CEOs can rest easy: The Elon Musk ruling is not the end for outsized pay packages
Published Date: 2/1/2024
Source: axios.com

Elon Musk almost certainly makes too much money as Tesla's CEO, but that's not the main reason a Delaware judge voided his pay package this week.

Why it matters: CEOs can breathe easy — their oft-criticized outsized pay packages are likely safe.


  • The ruling from the Delaware Court of Chancery, overturning Musk's eye-watering $56 billion compensation — the most ever paid to a public company CEO, per the ruling — won't do much to take the air out of inflated executive compensation, legal and compensation experts told Axios.

What they're saying: While his pay is "staggering by any measure, that was just icing on the cake," says Brian Dunn, who spent 40 years as a compensation consultant and now teaches the subject at Cornell University.

  • The real issue was the Tesla board's process in signing off on the package.

Zoom in: "The process leading to the approval of Musk's compensation plan was deeply flawed," writes the court's Chancellor Kathaleen McCormick in a 201-page ruling.

  • She details Musk's chummy ties with the board members who approved the pay package — particularly Antonio Gracias, a Musk loyalist, and one of the board members on the compensation committee's working group on the pay package.
  • "They meet outside of work as frequently as once a month. They have spent the night at each other's homes," McCormick writes of their relationship. "They have vacationed together with their respective families, including a trip to illusionist David Copperfield's Bahamian island, a trip to Africa, and a ski trip. They have spent Christmas together."

"Given the collection of people tasked with negotiating on Tesla's behalf, it is unsurprising that there was no meaningful negotiation over any of the terms of the plan."

  • The lack of board independence might have been OK, but McCormick said the board failed to disclose it to shareholders. Tesla described the compensation committee members as independent in its filing on pay.

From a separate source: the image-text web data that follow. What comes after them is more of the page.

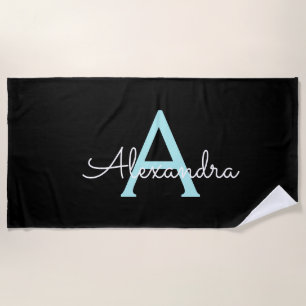 Aqua Aquamarin Blue Script Girly Monogram Name Strandtuch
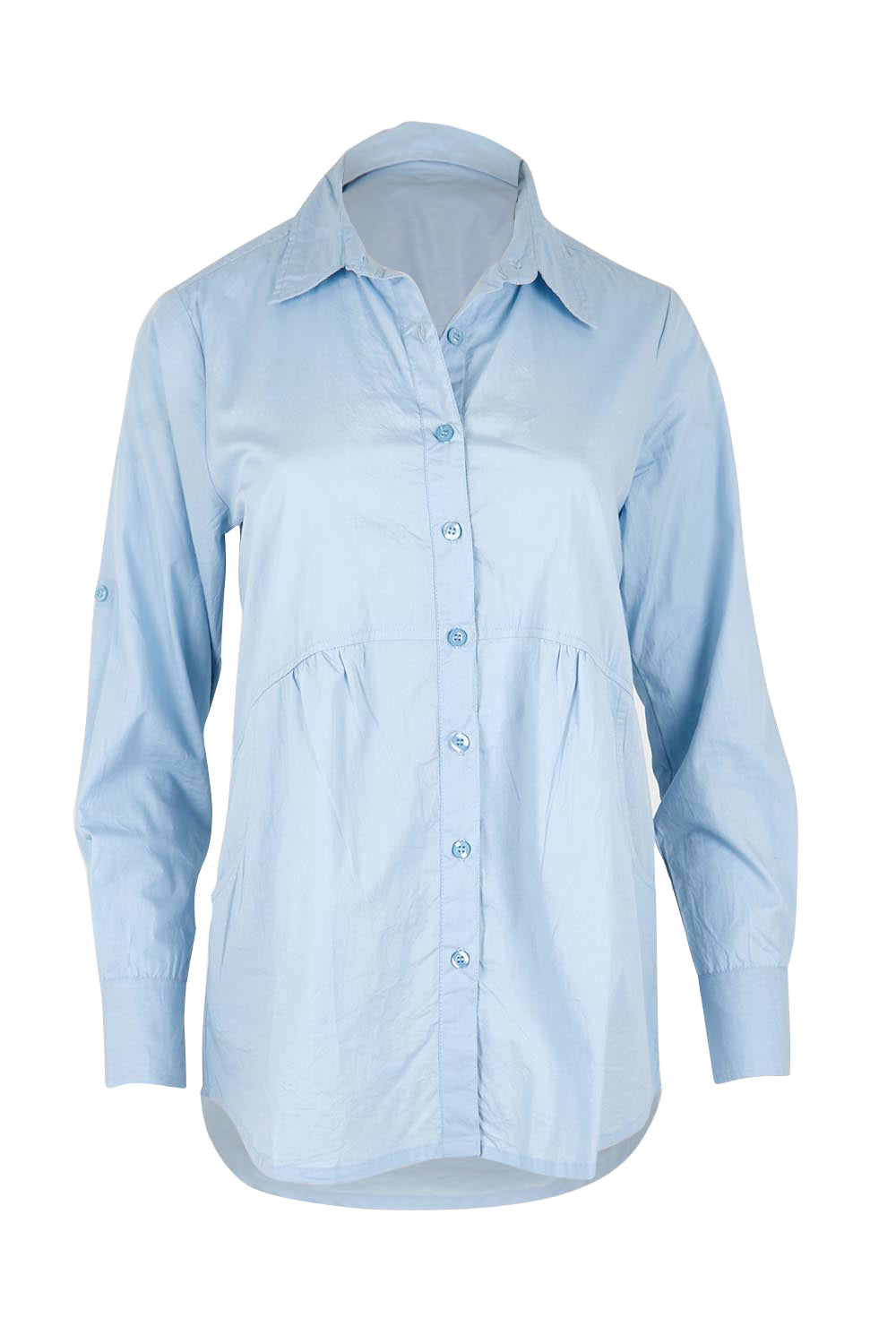 Product shot of the Essentials Poplin Cotton Shirt - Sky in colour Sky, from the front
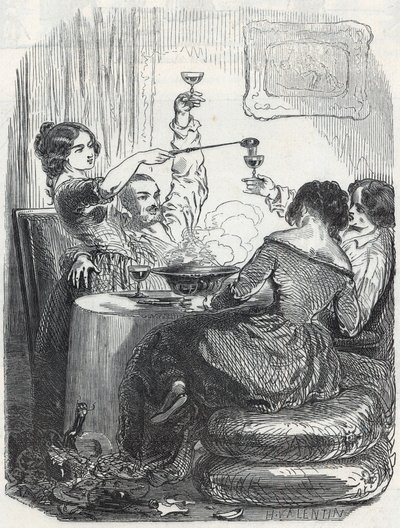 La Maison Doree étterem a Boulevard des Italians 20. szám alatt, Párizs 9. kerületében – Edmond Texier 1852-es gravírozása „Tableau-de-Paris”-ban alkotó: French School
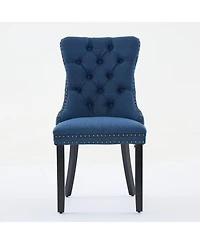 Streamdale Nikki Tufted Upholstered Linen Dining Chair (Set of 2), Blue Linen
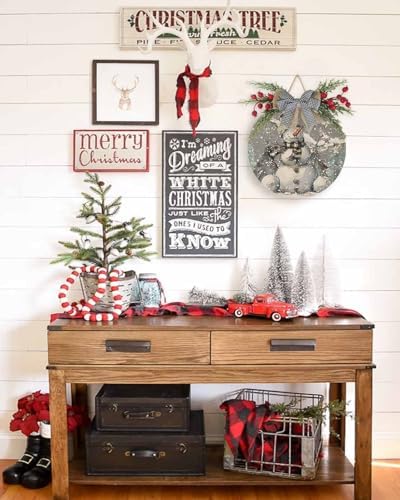 Welcome Sign Christmas Wreath Decorations Snowman Wall Sign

That was decidedly "untrue," per the ruling.
  • That meant shareholders didn't have a clear understanding of the compensation proposal when they voted in favor of it. (The Delaware suit was filed by a shareholder in 2018.)

The big picture: It's not unusual for a board to be stocked with CEO friends and loyalists, though the Tesla board is probably cozier than most — Elon's brother, Kimbal, is on the board, for example.

  • And objecting to a CEO's pay isn't the norm — boards want to keep their guys happy. "It's very rare for a comp committee or a board to really push back," says Dunn.
  • Shareholders typically have little say in the process — every company has to put CEO pay to a shareholder vote, a process born in Dodd-Frank — but these "say on pay" votes are not binding. "Window dressing," Dunn says.

Between the lines: The decision to void Musk's pay is likely more about Musk and his extreme behavior, says John Coffee, a professor at Columbia University Law School.

  • The ruling shows that "if you go too far, Delaware will examine the transaction closely under a microscope and you can fail it," he says. "I don't think this decision is going to threaten very many corporations."

Zoom out: The Delaware court specializes in hearing business cases from the million-plus companies incorporated in the state. And typically, it defers to a board's business judgment in pay matters.

  • This is just the second time a case like this has come before the Delaware court, Dunn says. And it's the first time the court has ruled against a CEO pay package, he adds.
  • Back in 2005, the court ruled against Disney shareholders who sued the company over former president Michael Ovitz's severance package. At the time it was viewed as outsized at $140 million.

For the record: Tesla hasn't commented on the decision yet, but Musk has posted to X, "Never incorporate your company in the state of Delaware."

  • He recommends Texas or Nevada instead; though it's unclear if he'd move Tesla out of the state, or if other companies would follow his advice.

What's next: Observers expect that Tesla will appeal to the Delaware Supreme Court, but that the decision will likely be upheld.

  • "This is an extremely fact-based decision," Coffee says. "And those are very hard to reverse."
  • "I don't think this will produce any kind of pressure among corporate governance lawyers to say we've got to leave Delaware," he says, adding that this doesn't change any particular law.